The Dance of Predator and Prey
In 1925, Alfred Lotka proposed a mathematical model for oscillating chemical reactions that Vito Volterra independently rediscovered in 1926 to explain fish population cycles in the Adriatic Sea. Their coupled differential equations — dx/dt = αx − βxy for prey and dy/dt = δxy − γy for predators — became the foundation of mathematical ecology. The model reveals how two species locked in a consumption relationship generate perpetual, self-sustaining oscillations.
Phase Space and Conservation
Unlike most nonlinear systems, the Lotka-Volterra equations possess a conserved quantity H that constrains trajectories to closed orbits in the prey-predator phase plane. Each orbit corresponds to a different initial condition, and populations trace ellipse-like loops around the equilibrium point. This conservation law means the system never settles to a steady state and never diverges — a mathematically elegant but biologically idealized property.

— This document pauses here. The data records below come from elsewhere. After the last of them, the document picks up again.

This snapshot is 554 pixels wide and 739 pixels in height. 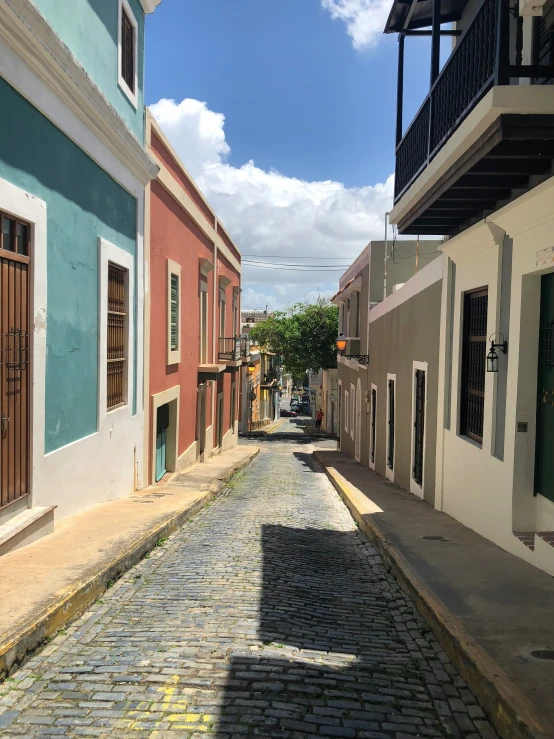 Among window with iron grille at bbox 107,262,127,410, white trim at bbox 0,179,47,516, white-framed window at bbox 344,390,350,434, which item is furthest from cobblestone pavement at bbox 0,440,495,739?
white-framed window at bbox 344,390,350,434

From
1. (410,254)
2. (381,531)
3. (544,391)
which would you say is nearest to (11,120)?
(544,391)

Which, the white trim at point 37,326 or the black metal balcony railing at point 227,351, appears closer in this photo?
the white trim at point 37,326

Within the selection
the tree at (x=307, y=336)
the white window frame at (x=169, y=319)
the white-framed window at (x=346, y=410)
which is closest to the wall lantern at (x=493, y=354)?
the white window frame at (x=169, y=319)

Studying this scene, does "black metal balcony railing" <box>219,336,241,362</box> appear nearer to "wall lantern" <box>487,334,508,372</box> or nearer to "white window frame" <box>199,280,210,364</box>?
"white window frame" <box>199,280,210,364</box>

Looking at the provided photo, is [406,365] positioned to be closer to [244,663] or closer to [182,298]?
[182,298]

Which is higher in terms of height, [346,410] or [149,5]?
[149,5]

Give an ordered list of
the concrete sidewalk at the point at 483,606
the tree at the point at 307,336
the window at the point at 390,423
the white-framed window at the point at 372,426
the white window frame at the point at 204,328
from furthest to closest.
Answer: the tree at the point at 307,336 → the white-framed window at the point at 372,426 → the white window frame at the point at 204,328 → the window at the point at 390,423 → the concrete sidewalk at the point at 483,606

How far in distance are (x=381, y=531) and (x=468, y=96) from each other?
173 inches

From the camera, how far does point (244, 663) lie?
11.5 feet

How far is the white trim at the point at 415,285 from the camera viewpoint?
359 inches

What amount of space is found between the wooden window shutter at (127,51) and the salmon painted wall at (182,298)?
166 cm

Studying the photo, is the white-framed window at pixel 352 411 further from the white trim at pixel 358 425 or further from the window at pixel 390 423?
the window at pixel 390 423

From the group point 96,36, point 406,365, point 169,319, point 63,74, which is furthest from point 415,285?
point 63,74

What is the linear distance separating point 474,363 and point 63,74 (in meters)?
5.28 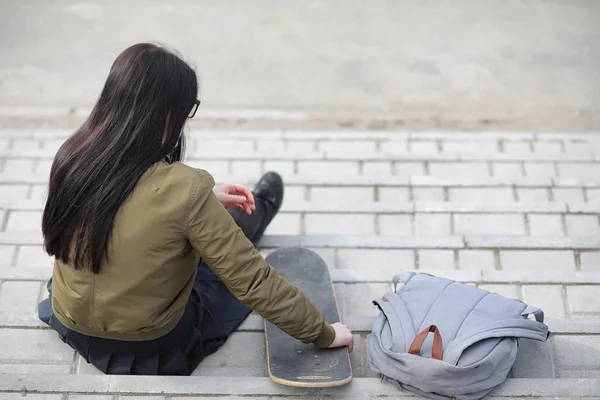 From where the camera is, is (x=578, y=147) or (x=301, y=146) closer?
(x=578, y=147)

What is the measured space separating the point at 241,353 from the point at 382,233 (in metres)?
1.25

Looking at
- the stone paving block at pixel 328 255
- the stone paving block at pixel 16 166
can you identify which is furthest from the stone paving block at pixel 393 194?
the stone paving block at pixel 16 166

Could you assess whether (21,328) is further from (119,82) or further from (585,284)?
(585,284)

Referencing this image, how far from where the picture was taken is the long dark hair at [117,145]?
7.15 feet

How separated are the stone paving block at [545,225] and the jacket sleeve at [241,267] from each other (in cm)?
177

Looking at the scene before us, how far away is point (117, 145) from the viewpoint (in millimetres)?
2191

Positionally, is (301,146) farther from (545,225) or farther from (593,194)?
(593,194)

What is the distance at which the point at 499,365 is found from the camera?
2549 millimetres

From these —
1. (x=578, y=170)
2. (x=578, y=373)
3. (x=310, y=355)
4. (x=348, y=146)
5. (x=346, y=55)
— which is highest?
(x=346, y=55)

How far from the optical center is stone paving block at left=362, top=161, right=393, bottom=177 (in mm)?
4395

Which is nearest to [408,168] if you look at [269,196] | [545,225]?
[545,225]

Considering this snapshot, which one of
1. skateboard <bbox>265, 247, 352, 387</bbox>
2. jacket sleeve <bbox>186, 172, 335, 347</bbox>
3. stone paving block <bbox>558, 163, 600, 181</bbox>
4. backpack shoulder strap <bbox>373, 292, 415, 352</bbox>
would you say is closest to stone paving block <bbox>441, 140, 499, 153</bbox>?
stone paving block <bbox>558, 163, 600, 181</bbox>

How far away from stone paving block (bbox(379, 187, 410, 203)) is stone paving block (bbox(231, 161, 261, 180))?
2.64 feet

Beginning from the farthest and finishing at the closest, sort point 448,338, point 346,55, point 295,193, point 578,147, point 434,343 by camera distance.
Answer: point 346,55, point 578,147, point 295,193, point 448,338, point 434,343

Ecological Oscillations in Nature
The most celebrated real-world example is the Canadian lynx-snowshoe hare cycle, documented through Hudson Bay Company fur records spanning over a century. Population peaks recur approximately every 10 years, with predator peaks lagging prey peaks by 1-2 years — qualitatively matching Lotka-Volterra predictions. Similar oscillations appear in wolf-moose systems on Isle Royale and in microbial predator-prey communities in laboratory chemostats.
Beyond the Classic Model
Modern extensions incorporate carrying capacity (logistic prey growth), functional responses (Holling type II/III), spatial diffusion, stochastic noise, and multiple interacting species. The Rosenzweig-MacArthur model adds prey self-limitation and predator saturation, producing limit cycles and the paradox of enrichment. Despite its simplicity, the original Lotka-Volterra framework remains the starting point for understanding all predator-prey dynamics.